THE SIGN OF SCIALOJA

tue 20 - fri 23 February 2024

BATTICUORE 1995

THE SIGN OF SCIALOJA

Return to the human - the understanding between the living and the living

INAUGURATION
20 February at 18:00

The exhibition will be open until 23 February

Curated by the Toti Scialoja Foundation


Casa d'Aste Arcadia is pleased to invite you to the exhibition Il Segno di Scialoja (The Sign of Scialoja), curated by the Fondazione Toti Scialoja, which will be inaugurated on Tuesday 20 February at its premises in Corso Vittorio Emanuele II 18, Rome.

The selection of works, followed by a critical intervention by Arnaldo Colasanti, President of the Toti Scialoja Foundation, will allow the visitor to retrace and understand the importance of the Maestro's last artistic production.

The exhibition is part of a valorisation and dissemination project in anticipation of the forthcoming publication of the General Catalogue of Toti Scialoja's Paintings and Sculptures, for which pre-orders will be available during the event.

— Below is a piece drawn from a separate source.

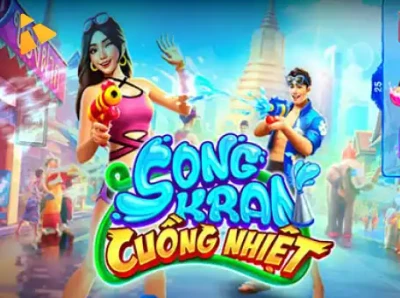 DA88 Songkran Cuồng Nhiệt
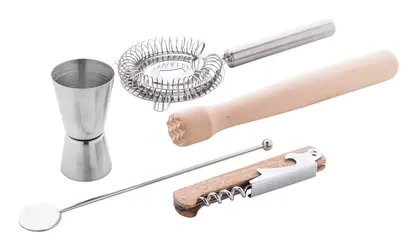 Set za koktele AP808216 natural 260×230 mm-8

 "Painting is simply shroud, an impression of the uncovered inner man, oozing, laden with that liquid which is his living, his passing, his memory of everything in the universe." With these words Toti Scialoja described the sense of his painting. A sense that can all be found in the exhibition held at Arcadia Casa d'Aste in collaboration with the Fondazione Toti Scialoja. "The sense of the exhibition," says the President of the Fondazione Toti Scialoja Arnaldo Colasanti, "is to bring the public's attention back to the last period of Scialoja's artistic production, an intense, happy, absolutely contemporary period, in which all the strength, the corporeity, of the material abstractionism that characterised his art can be found. This is why the exhibition is entitled The Sign of Scialoja. In the twenty-one works on display, one can find the deepest sense of his painting, in which, as the Maestro said: 'Each brushstroke possesses within itself the strength of the germ and the strength of closure, the strength of dawn and night, the strength of the soul, of the eternal return to oneself.'" Fabrizio d'Amico, one of the most important figures in Art criticism between the 1960s and 1980s, had this to say: "Above all in the works created after the 'inspiration' he received while looking at Goya's paintings at the Prado in the 1980s, there is in Scialoja a true 'hand-to-hand' with the canvas, which is assailed by painting on the ground, with blows of the shoulder, elbow, wrist, creating one of the most dynamic and energetic paintings of the Italian twentieth century."